Adaptive Principal Component Regression with Applications to Panel Data

TL;DR

This paper introduces adaptive principal component regression with finite sample guarantees for online data collection, applying it to panel data for experiment design and adaptive intervention policies, with theoretical and empirical validation.

Contribution

It provides the first uniform finite sample guarantees for regularized PCR in adaptive data collection, extending analysis tools to the online error-in-variables setting.

Findings

Theoretical performance guarantees for adaptive PCR in panel data.

Framework for adaptive experiment design in econometrics.

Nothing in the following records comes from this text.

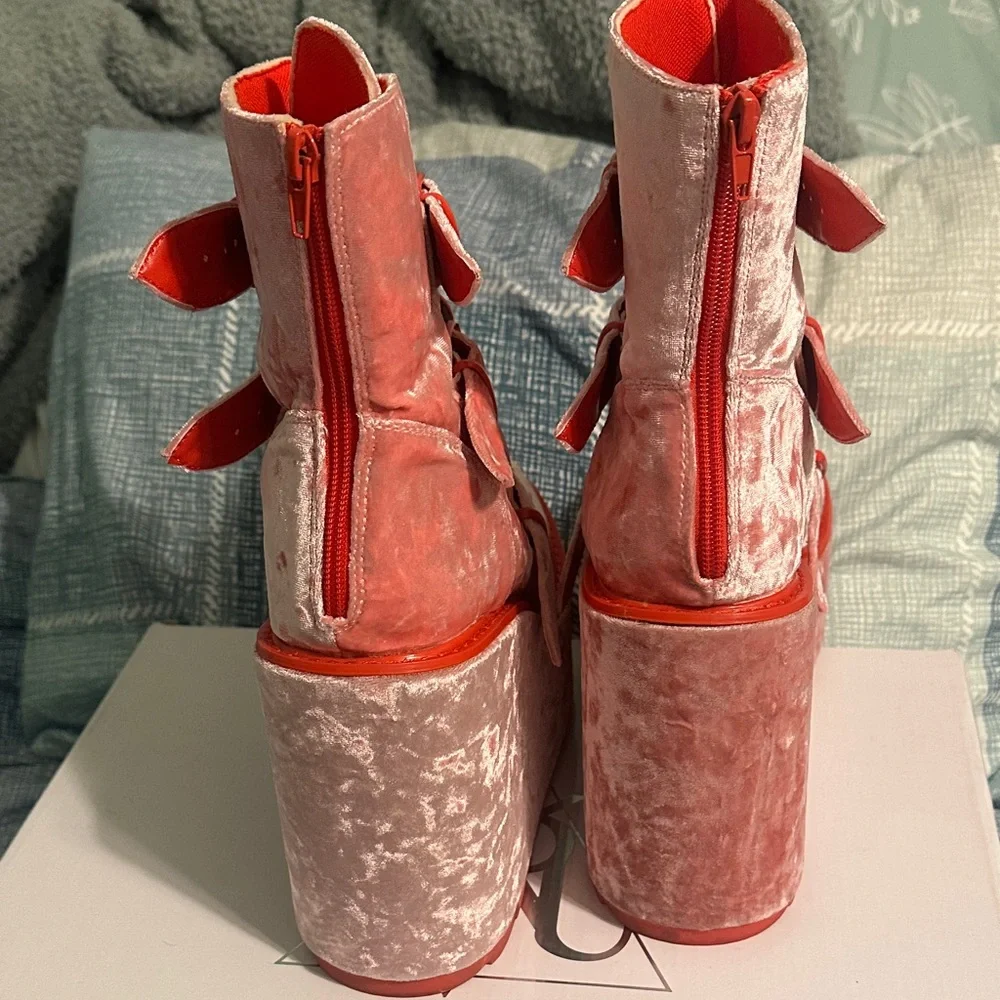 YRU Velvet Platform Boots in Pink with Red Heart Accents - Picture 6 of 7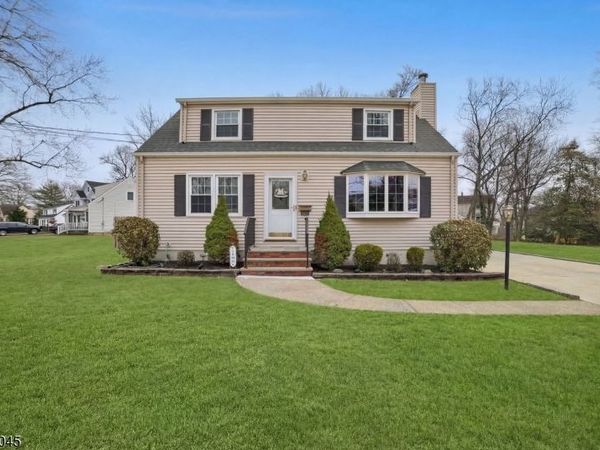 34 Maclennon Pl, Fanwood, NJ 07023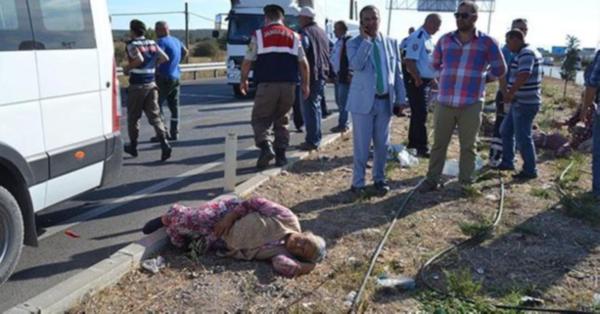 Balıkesir'de işçi minibüsü kaza yaptı: 18 yaralı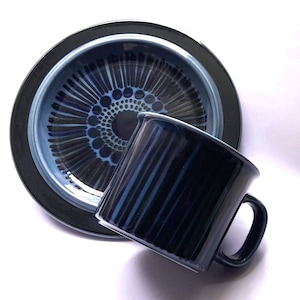 Juego de taza y plato KOSMOS azul, Arabia Finlandia, pintado a mano, diseño de Ulla Procopé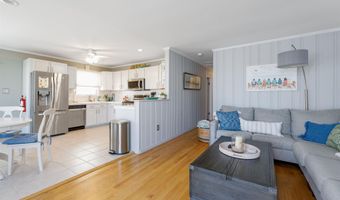 733 21st St, Avalon, NJ 08202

Empirical results show improved performance over baseline methods.

Abstract

Principal component regression (PCR) is a popular technique for fixed-design error-in-variables regression, a generalization of the linear regression setting in which the observed covariates are corrupted with random noise. We provide the first time-uniform finite sample guarantees for (regularized) PCR whenever data is collected adaptively. Since the proof techniques for analyzing PCR in the fixed design setting do not readily extend to the online setting, our results rely on adapting tools from modern martingale concentration to the error-in-variables setting. We demonstrate the usefulness of our bounds by applying them to the domain of panel data, a ubiquitous setting in econometrics and statistics. As our first application, we provide a framework for experiment design in panel data settings when interventions are assigned adaptively. Our framework may be thought of as a generalization of the synthetic control and synthetic interventions frameworks, where data is collected via an adaptive intervention assignment policy. Our second application is a procedure for learning such an intervention assignment policy in a setting where units arrive sequentially to be treated. In addition to providing theoretical performance guarantees (as measured by regret), we show that our method empirically outperforms a baseline which does not leverage error-in-variables regression.